> **YOUR ASSIGNMENT**
Give again, exactly and only, the lines running from the one with "DODGE RAM 3500" to the end of the material below; leave out pictures.

> **SUPPLIED DATA**
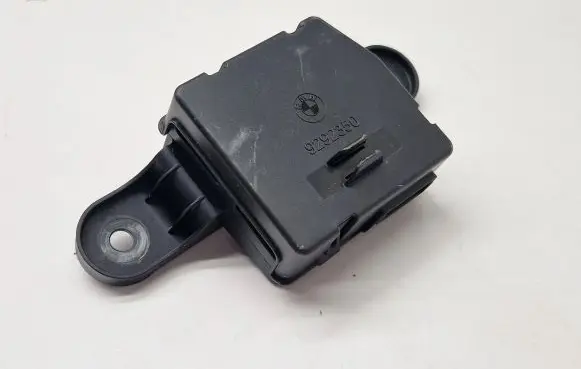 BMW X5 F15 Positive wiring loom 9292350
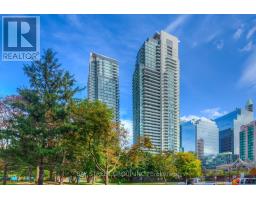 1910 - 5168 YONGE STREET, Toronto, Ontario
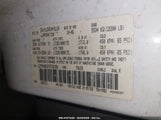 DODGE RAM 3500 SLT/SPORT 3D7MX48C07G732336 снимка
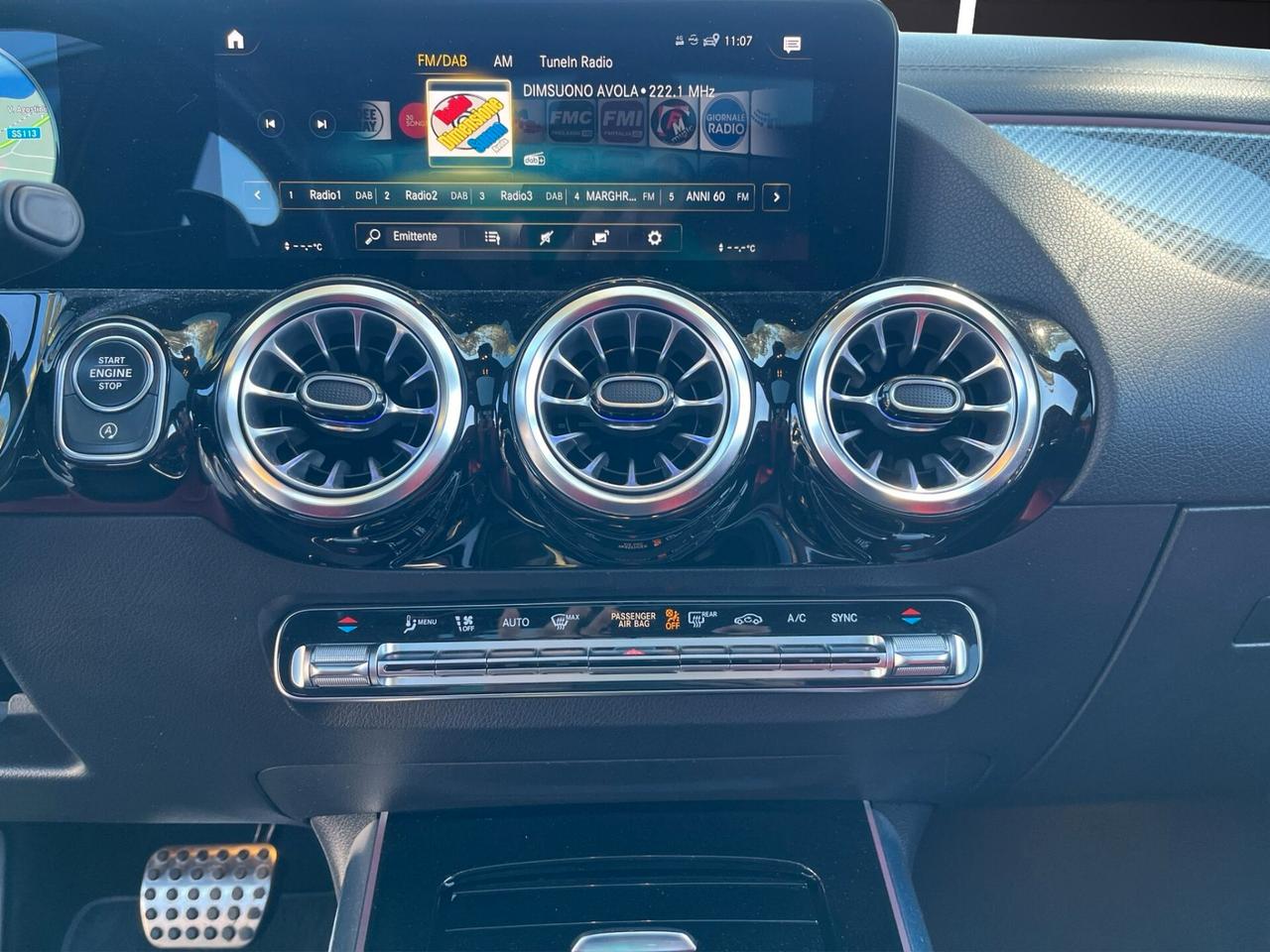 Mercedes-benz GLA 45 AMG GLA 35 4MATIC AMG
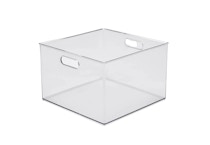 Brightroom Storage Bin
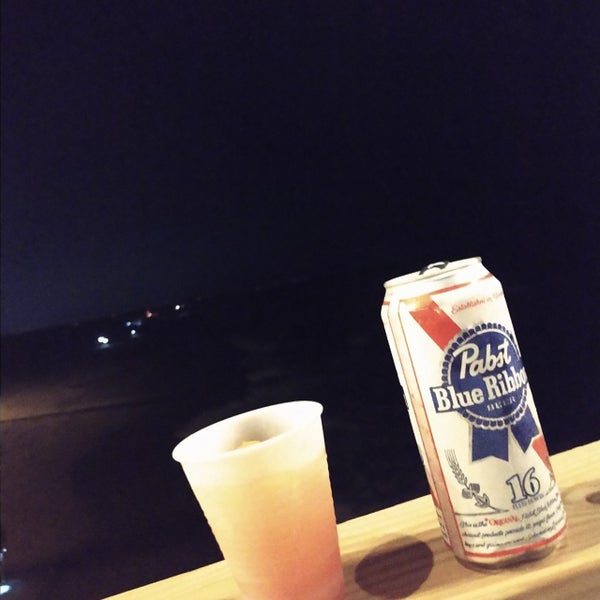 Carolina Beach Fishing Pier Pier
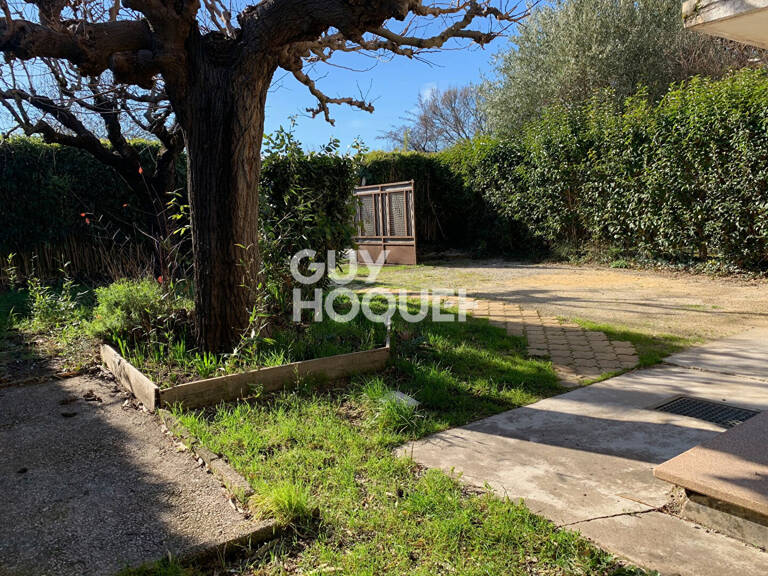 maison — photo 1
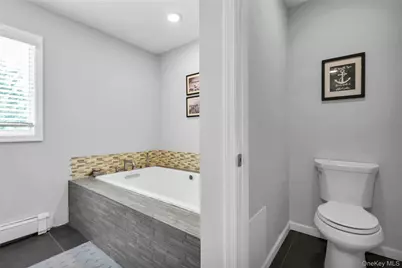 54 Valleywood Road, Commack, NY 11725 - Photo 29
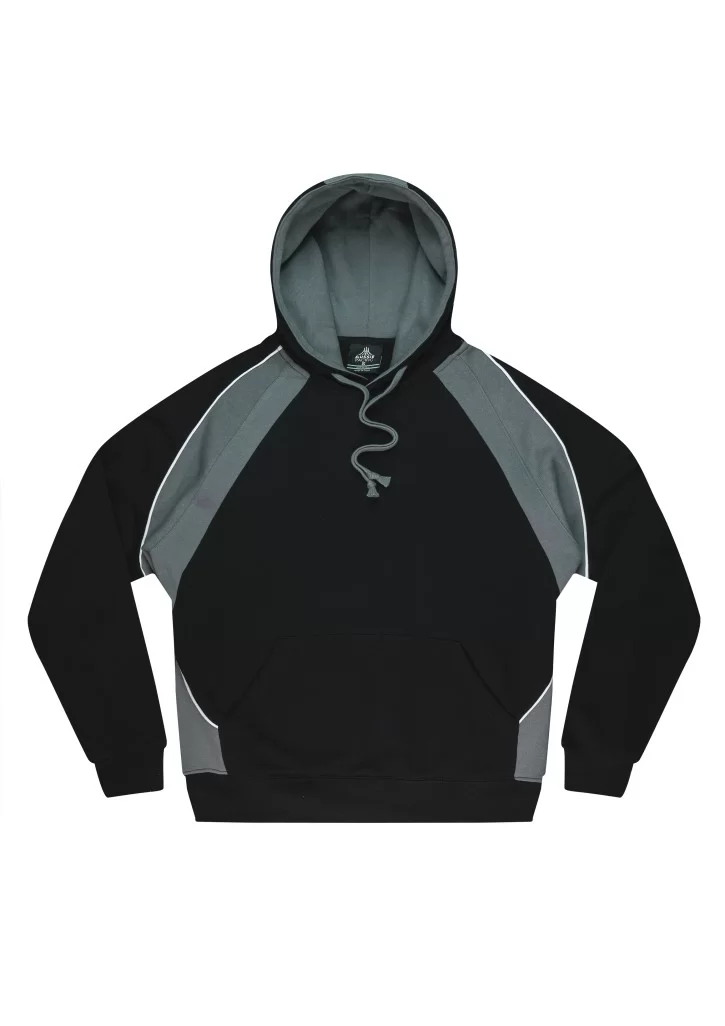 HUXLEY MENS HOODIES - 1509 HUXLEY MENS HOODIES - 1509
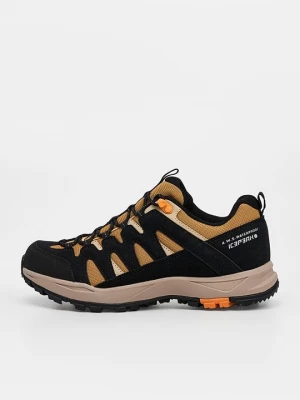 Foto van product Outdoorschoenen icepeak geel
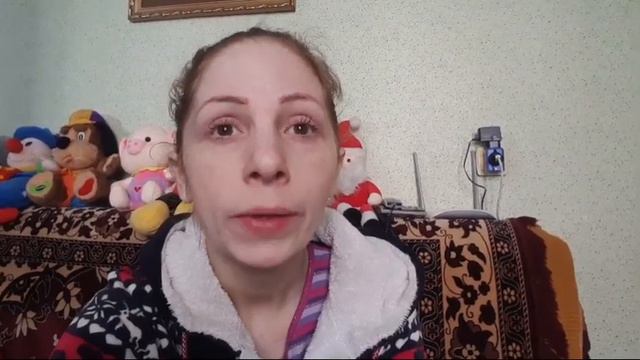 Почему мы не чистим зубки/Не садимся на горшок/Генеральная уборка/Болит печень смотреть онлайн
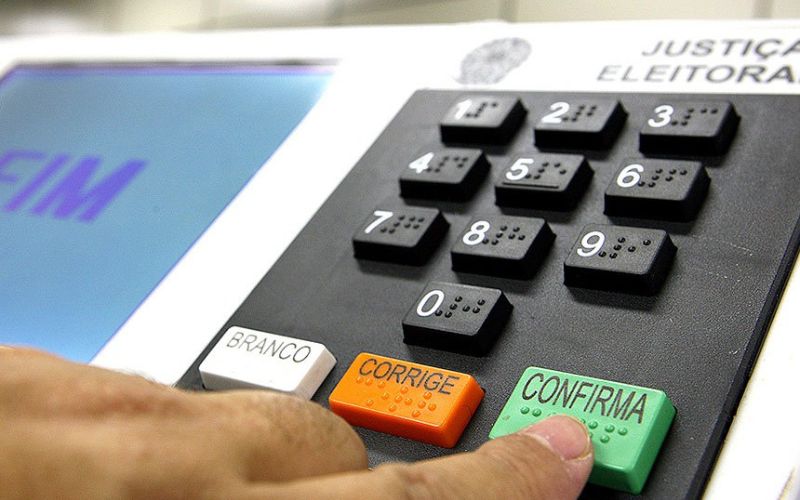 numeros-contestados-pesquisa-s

> **SOLUTION TO THIS TASK**
 DODGE RAM 3500 SLT/SPORT 3D7MX48C07G732336 снимка
 Mercedes-benz GLA 45 AMG GLA 35 4MATIC AMG
 Brightroom Storage Bin
 Carolina Beach Fishing Pier Pier
 maison — photo 1
 54 Valleywood Road, Commack, NY 11725 - Photo 29
 HUXLEY MENS HOODIES - 1509 HUXLEY MENS HOODIES - 1509
 Foto van product Outdoorschoenen icepeak geel
 Почему мы не чистим зубки/Не садимся на горшок/Генеральная уборка/Болит печень смотреть онлайн
 numeros-contestados-pesquisa-s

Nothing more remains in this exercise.